- _Your assignment_:
Produce a verbatim copy of the records, and keep the images out of it.

- _Exercise data_:
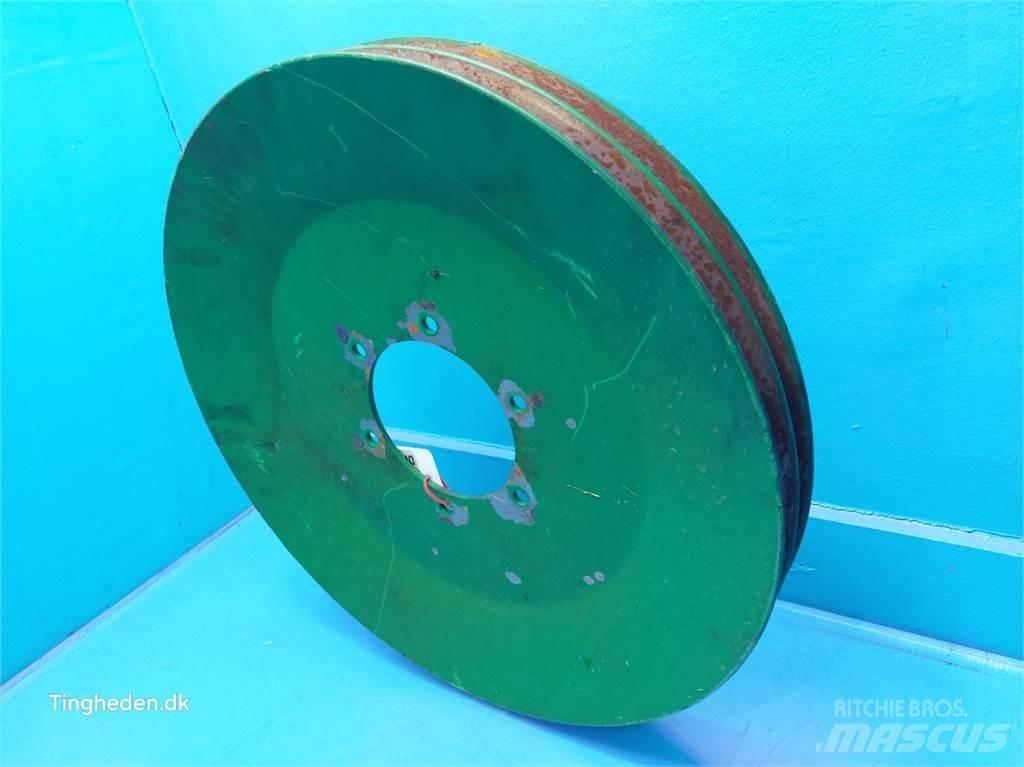John Deere T660I Farm machinery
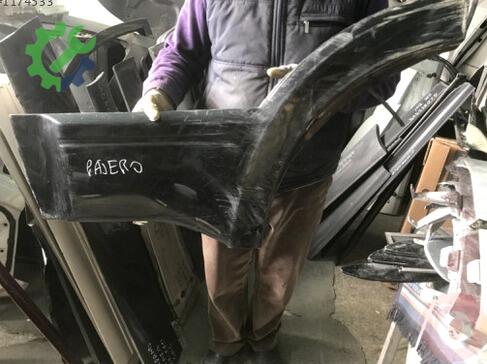 Mitsubishi Pajero Kapı Çıtası çıkma parça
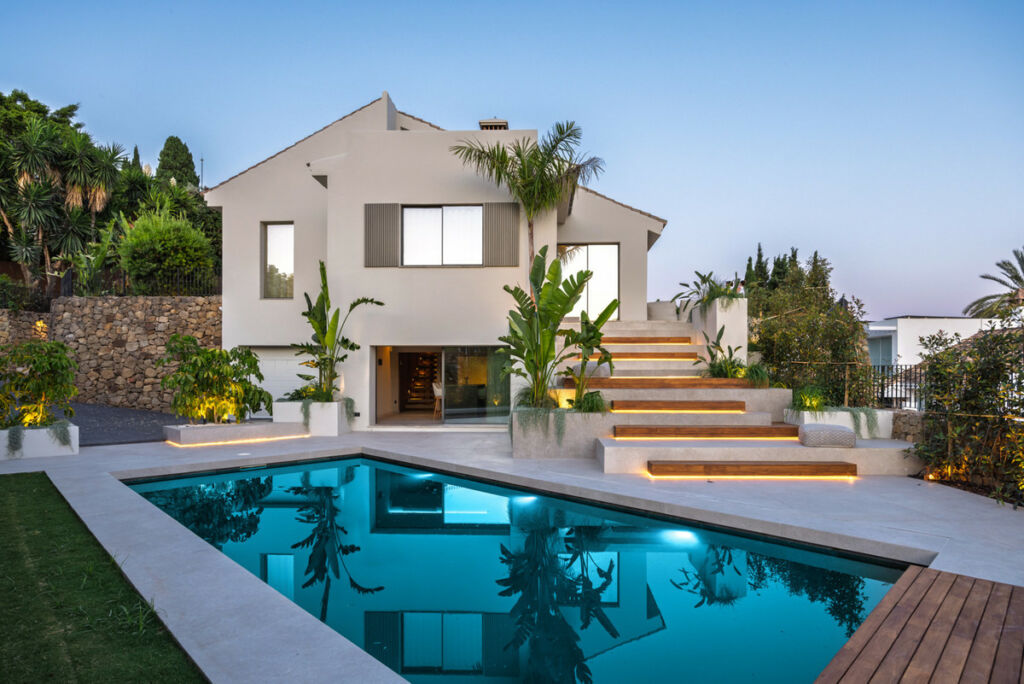 Detached Villa Nueva Andalucía Málaga - image 36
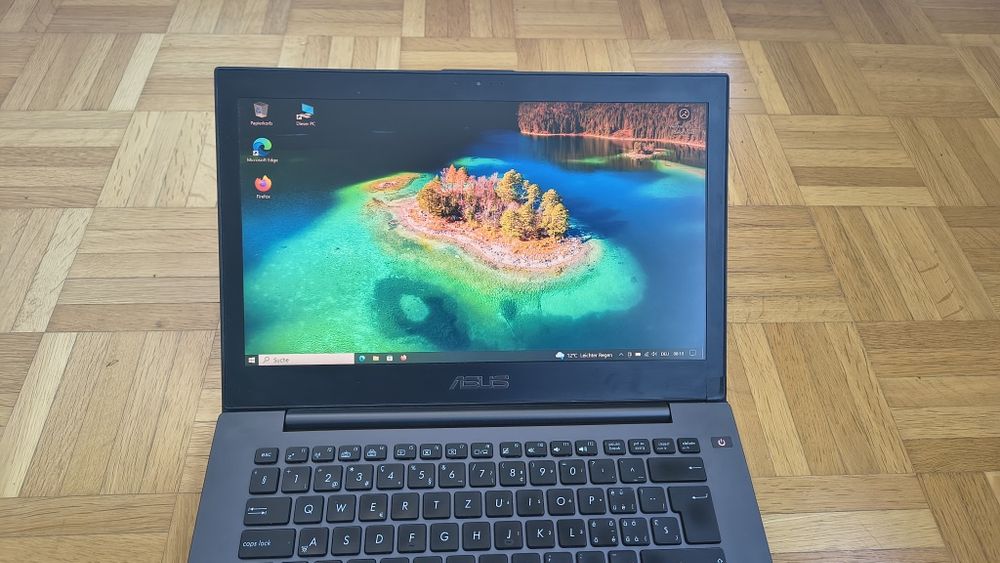 Asus Notebook i7 8GB RAM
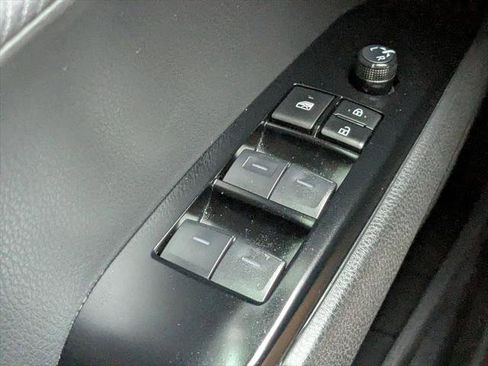 Certified 2025 Toyota Camry SE FWD image 22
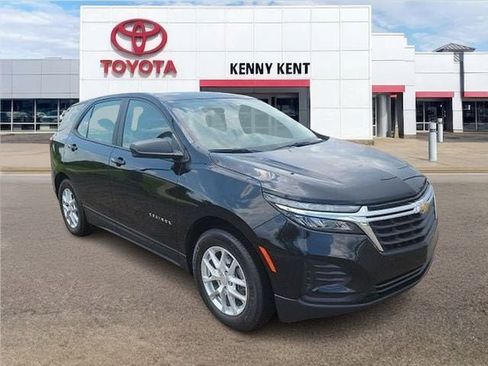 Used 2023 Chevrolet Equinox LS FWD image 1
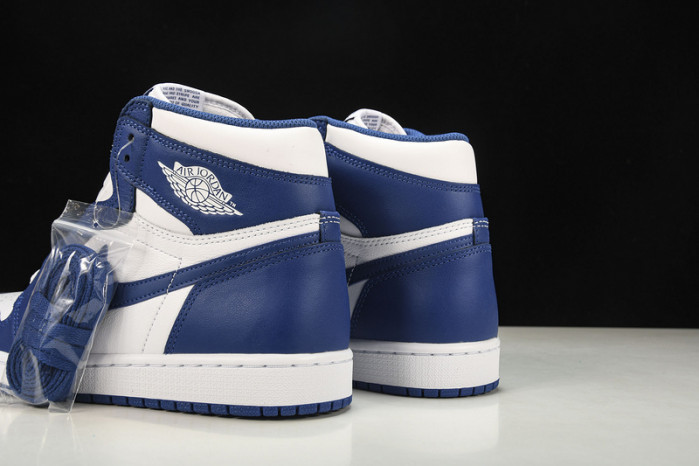 AIR JORDAN 1 RETRO HIGH OG "STORM BLUE" 555088-127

- _Response below_:
John Deere T660I Farm machinery
 Mitsubishi Pajero Kapı Çıtası çıkma parça
 Detached Villa Nueva Andalucía Málaga - image 36
 Asus Notebook i7 8GB RAM
 Certified 2025 Toyota Camry SE FWD image 22
 Used 2023 Chevrolet Equinox LS FWD image 1
 AIR JORDAN 1 RETRO HIGH OG "STORM BLUE" 555088-127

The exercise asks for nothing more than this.